Había pasado más tiempo del que creía. Meses, estoy segura. Cruzando el desierto sentí tu llamada desde dentro. Venías. Estabas a las puertas del mundo. No me daría tiempo a llegar hasta el mar. Ni sé cómo te alumbré; ni entiendo cómo no me quedé por el camino, anegada en sangre y mugre. “No falta mucho”, prometían; así que te até contra mi pecho con el mismo pañuelo que ahora te arrulla. Los pies magullados. Mi recién carne parida, sollozando y tiritando. Nada podía pararme. Yo quiero zapatos para este hijo. Pan y carne en mi mesa. Un lecho caliente donde abrazar a la única persona que me queda y donde descansar los huesos que ya apenas caminan, se arrastran tras la luz de la esperanza.

Me dolía el estómago; sentía el fuego en mi cabeza.
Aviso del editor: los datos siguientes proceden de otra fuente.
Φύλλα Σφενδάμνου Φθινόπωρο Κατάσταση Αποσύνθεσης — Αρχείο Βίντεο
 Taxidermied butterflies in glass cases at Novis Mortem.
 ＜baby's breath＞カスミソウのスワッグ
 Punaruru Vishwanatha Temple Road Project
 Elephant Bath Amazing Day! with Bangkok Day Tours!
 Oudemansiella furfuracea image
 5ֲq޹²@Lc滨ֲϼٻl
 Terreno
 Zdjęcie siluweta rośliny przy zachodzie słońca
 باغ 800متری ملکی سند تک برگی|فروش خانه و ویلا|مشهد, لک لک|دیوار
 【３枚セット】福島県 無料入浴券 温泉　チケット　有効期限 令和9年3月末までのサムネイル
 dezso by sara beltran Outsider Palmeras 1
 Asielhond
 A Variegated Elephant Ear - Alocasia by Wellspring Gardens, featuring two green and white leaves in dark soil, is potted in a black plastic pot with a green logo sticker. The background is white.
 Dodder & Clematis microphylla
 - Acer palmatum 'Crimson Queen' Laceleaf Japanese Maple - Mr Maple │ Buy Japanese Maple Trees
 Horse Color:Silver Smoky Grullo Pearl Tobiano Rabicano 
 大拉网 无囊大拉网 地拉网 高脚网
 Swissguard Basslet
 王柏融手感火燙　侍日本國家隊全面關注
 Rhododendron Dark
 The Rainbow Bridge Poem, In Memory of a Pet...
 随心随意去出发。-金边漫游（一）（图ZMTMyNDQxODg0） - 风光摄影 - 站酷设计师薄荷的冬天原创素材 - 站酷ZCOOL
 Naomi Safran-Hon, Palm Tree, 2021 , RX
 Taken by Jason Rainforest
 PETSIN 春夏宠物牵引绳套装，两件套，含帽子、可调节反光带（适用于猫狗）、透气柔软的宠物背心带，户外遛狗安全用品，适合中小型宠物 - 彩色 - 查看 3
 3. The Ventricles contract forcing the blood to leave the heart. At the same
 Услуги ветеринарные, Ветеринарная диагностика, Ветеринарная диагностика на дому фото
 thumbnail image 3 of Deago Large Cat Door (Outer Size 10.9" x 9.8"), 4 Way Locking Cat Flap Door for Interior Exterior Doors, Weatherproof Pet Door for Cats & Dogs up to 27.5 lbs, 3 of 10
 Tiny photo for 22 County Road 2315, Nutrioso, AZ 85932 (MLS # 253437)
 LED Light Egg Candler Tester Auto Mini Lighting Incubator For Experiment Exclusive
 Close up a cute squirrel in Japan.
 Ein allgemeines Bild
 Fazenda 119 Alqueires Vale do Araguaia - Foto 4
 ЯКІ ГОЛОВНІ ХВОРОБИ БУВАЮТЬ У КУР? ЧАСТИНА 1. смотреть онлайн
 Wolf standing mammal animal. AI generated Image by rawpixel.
Hacía días que sobrevivíamos con pan seco y agua turbia, pero de mis pechos algo mágico debía brotar, pues tú respirabas y seguías nuestro paso acurrucado a mí. Camina. No pares. Ya llegas. Oigo la furia azul romperse en esta orilla. Hay que llegar al otro lado. Allí está nuestro nuevo hogar.
Acuarela de Lara García, 2º A: "He querido plasmar la visión desde la balsa; si se dirigían a la luz llegarían a Europa. En realidad, sólo eran las luces de las plataformas petrolíferas".

¿Puedes oírme, pequeño mío? Este sol calienta, pero me pareces frío. ¿No hay nadie? ¿Dónde estáis? Mira, flota allí lo que queda del sueño. ¿Quién podrá vivir para contarlo? No me culpes, hijo. Sólo quise regalarte vida, vida con futuro, presente sin hambre, una ventana con vistas a la felicidad. Me desempolvé la aridez de mi pasado, aun sabiendo que en él se quedaba mi propia sangre, mi pura y ancestral ascendencia africana. Sé que el camino te ha parecido interminable; y nos hemos llevado el azote del salitre. No has tenido aún una cuna donde yo pudiera mecerte y cantarte. Abre los ojos, por favor. Me duele tu silencio y tu gesto inerte. Se me encoge el pecho de pensar que puedo en esta otra orilla perderte. Enjugo mis propias lágrimas sobre la piel de tu cara, con este jirón de blusa y de aliento. Sonríe, que hemos llegado. Mira dónde está tu casa…”.